Der Bildungsstreik ist berechtigt. Die Politik muss finanzielle Prioritäten in der Bildung und nicht bei der Abwrackprämie setzen. Auch die Ablehnung von Studiengebühren teile ich. Denn natürlich führen sie zu einer sozialen Selektion. Das andere ist das Überlastungsgefühl, das vom Personal der Universitäten sehr zu Recht empfunden wird. Wegen des langen Innovationsstaus kumulieren sich seit einiger Zeit Reformen, ich nenne nur die Einführung von Bachelor und Master und den Exzellenzwettbewerb. Jetzt muss mehr Geld ins System, neues Personal muss Entlastung bringen. Was den Bachelor betrifft, so hat sich das frühere FU-Präsidium damals dafür entschieden, die Reform zeitnah umzusetzen. Denn dass sie unumkehrbar war, stand ja fest. Einzelne Fächer haben es aber mit der Verdichtung des Stoffs übertrieben. Es herrscht immer noch die Phantasie, dass ein guter Professor nur einer ist, dessen Gebiet auch im Curriculum vorkommt. Wenn das Personal heute so mit Prüfungen belastet ist, kann es beispielsweise auch an den von unseren Entscheidungsgremien unbedingt gewollten großzügigen Handhabung von Wiederholungsprüfungen liegen. So müssen sich die Dozenten ständig für Nachholtermine immer neue Aufgaben ausdenken. Das kostet sie unendlich viel Zeit. Für die Studierenden wären die neuen Studiengänge leichter zu bewältigen, wenn sie nicht jobben müssten. Es müsste Leistungsstipendien geben. Bei den Doktoranden in den Graduiertenschulen läuft das wie geschmiert.

Bei allem Verständnis für die Streikziele: Es ist völlig inakzeptabel, wie einige wenige Demonstranten das Präsidialamt der FU verwüstet haben. Vor allem ist es völlig inakzeptabel, wenn Mitarbeiter sich bedroht fühlen.

Christoph Diehn, 23, studiert im 6. Semester VWL an der HU und ist stellvertretender Landesvorsitzender des RCDS Nordost

Die Aktionen des Bildungsstreiks sind unsäglich. Prinzipiell sind wir vom RCDS mit den Organisatoren des Bildungsstreiks zwar einig, dass es Missstände im Bildungssystem gibt. Bei den Hochschulen sind das die Unterfinanzierung und die Ausgestaltung der neuen Bachelor- und Master-Studiengänge. Mich stört, dass es bei den Protesten auch um ideologisch geprägte Gesellschaftskritik geht. Es ist empörend, dass die Organisatoren Krawall und Gewalt nicht ausdrücklich ablehnen. Viele Kommilitonen werden davon abgehalten, Vorlesungen zu besuchen. Wir setzen darauf, uns in den universitären Gremien für die Sacharbeit einzusetzen.

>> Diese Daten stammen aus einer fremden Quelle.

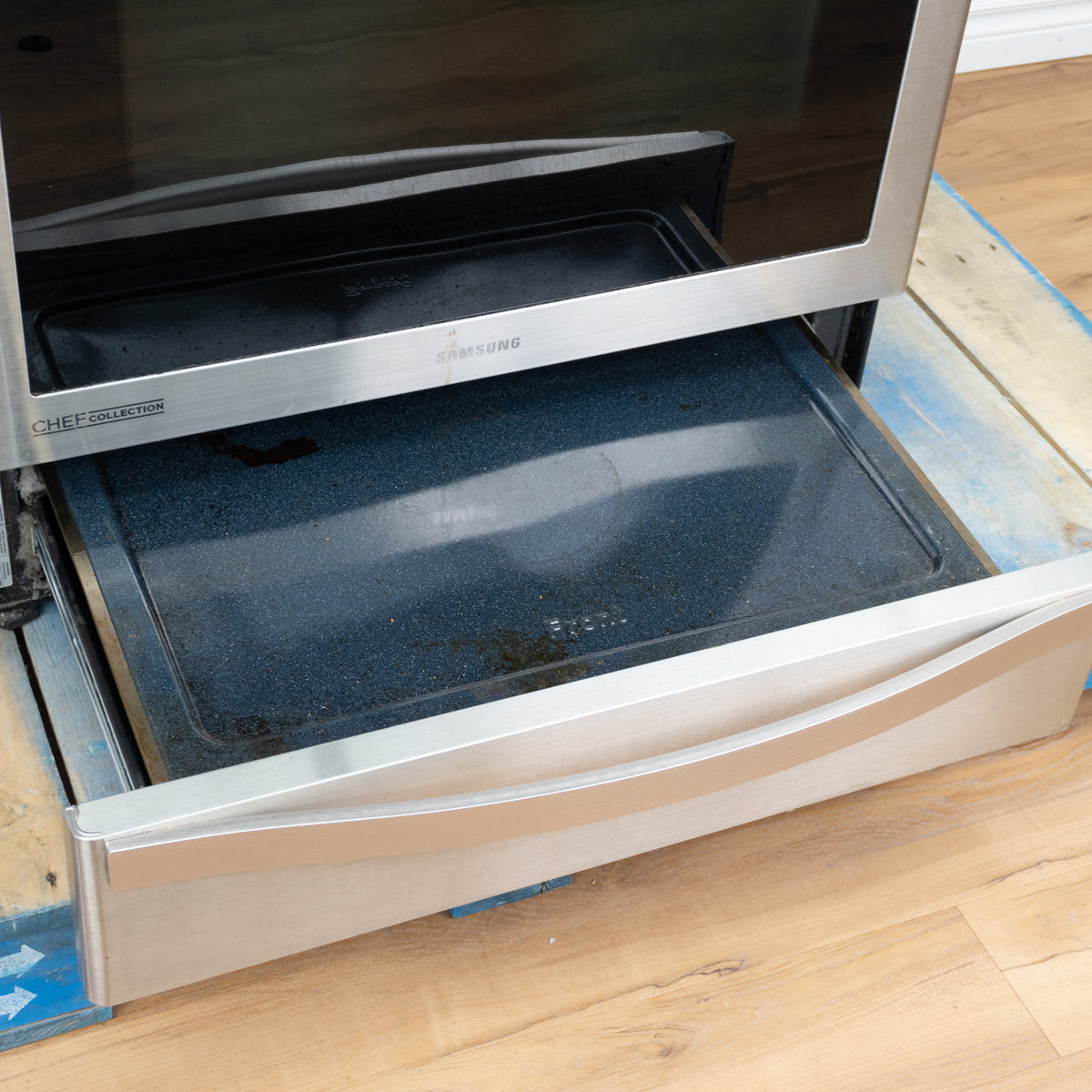 Samsung Chef Collection Range with 5.8 cu. ft. Oven, 25-inch Width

Peter-Michael Hahn, Professor für Geschichte an der Universität Potsdam

In den letzten beiden Tagen sind deutlich weniger Studierende als sonst zu den Veranstaltungen gekommen. Ich nehme an, dass sich viele an den studentischen Aktionen in der Potsdamer Innenstadt beteiligen. Hier an der Uni geht es gesittet zu. Aus meinem Fenster sehe ich, dass Studierende ein Zelt aufgeschlagen haben und einige Barrikaden aufgestellt sind. Aber jeder kommt ins Gebäude. Ein Gutteil der Professoren steht hinter den Studierenden. Überfüllte Seminare und eine fehlende Infrastruktur sind unhaltbare Zustände. In den neuen Studiengängen bleibt die intellektuelle Entfaltung auf der Strecke. Allerdings haben viele Professoren womöglich aus Begeisterung für ihr Fach so viele Inhalte für unverzichtbar gehalten, dass die Studierenden sich nun überlastet fühlen. Wir überarbeiten unsere Studiengänge gerade. Sachgerechtes Lernen und die Verbesserung der Urteilsfähigkeit sollten im Mittelpunkt stehen.